A variety of drugs, including both naturally occurring and pharmaceutical substances, are derivatives of tryptamine. These include the tryptamine psychedelics like psilocybin, psilocin, DMT, and 5-MeO-DMT; tryptamine stimulants, entactogens, psychedelics, and/or antidepressants like α-methyltryptamine (αMT) and α-ethyltryptamine (αET); triptan antimigraine agents like sumatriptan; certain antipsychotics like oxypertine; and the sleep aid melatonin.

Various other drugs, including ergolines and lysergamides like the psychedelic lysergic acid diethylamide (LSD), the antimigraine agents ergotamine, dihydroergotamine, and methysergide, and the antiparkinsonian agents bromocriptine, cabergoline, lisuride, and pergolide; β-carbolines like harmine (some of which are monoamine oxidase inhibitors (MAOIs)); Iboga alkaloids like the hallucinogen ibogaine; yohimbans like the α_{2} blocker yohimbine; antipsychotics like ciclindole and flucindole; and the MAOI antidepressant metralindole, can all be thought of as cyclized tryptamine derivatives.

Deuterated isotopologues of tryptamine include α,α-dideuterotryptamine and β,β-dideuterotryptamine, among others.

A notable prodrug of tryptamine with sustained effects is N-(2-cyanoethyl)tryptamine (CE-T).

Drugs very closely related to tryptamines, but technically not tryptamines themselves, include certain triptans like avitriptan and naratriptan; the antipsychotics sertindole and tepirindole; and the MAOI antidepressants pirlindole and tetrindole.

==History==
Tryptamine, referred to by the name 3-β-aminoethylindole, was first synthesized by Arthur James Ewins and Patrick Laidlaw in 1910. Subsequently, they referred to it by the name indolethylamine in 1912 and 1913. The name tryptamine first emerged by at least 1918.

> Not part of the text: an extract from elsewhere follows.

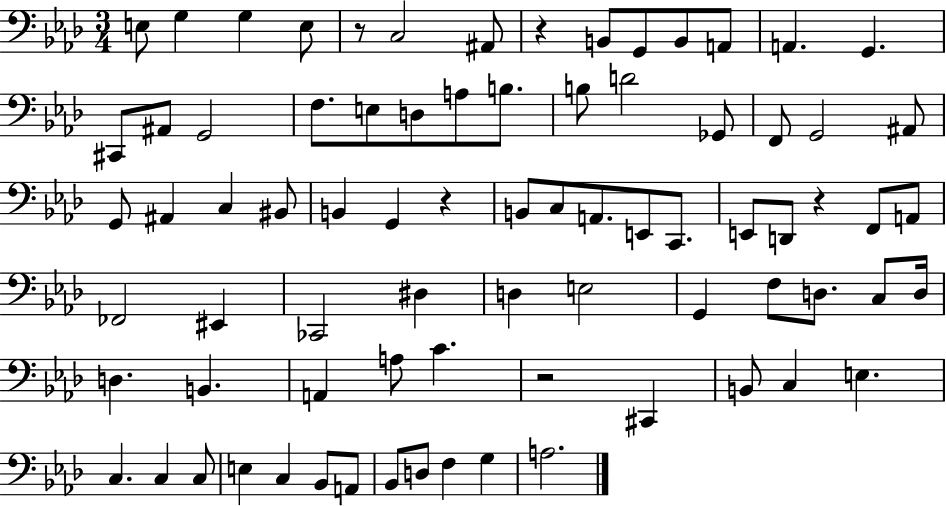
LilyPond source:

Following tryptamine's synthesis, N-methylated tryptamines like N-methyltryptamine (NMT) and dimethyltryptamine (DMT) were synthesized by Richard Manske in 1931. Subsequently, the chemical structure of serotonin (5-hydroxytryptamine; 5-HT) was identified—and hence serotonin was first "truly" discovered (having been isolated earlier in the 1930s)—by Maurice M. Rapport in 1949. The structural similarity between serotonin and the psychedelic drug LSD, a lysergamide and cyclized tryptamine that contains tryptamine within its structure, was noticed and described by Dilworth Wayne Woolley and Elliott Shaw in 1954. The hallucinogenic effects of simple tryptamines themselves were not discovered until those of bufotenin and DMT were elucidated in 1955 and 1956, for instance by Stephen Szára, soon after their first isolation from hallucinogenic snuffs.

The psychedelic effects of tryptamine itself in humans were first reported by W. R. Martin and J. W. Sloan in 1970.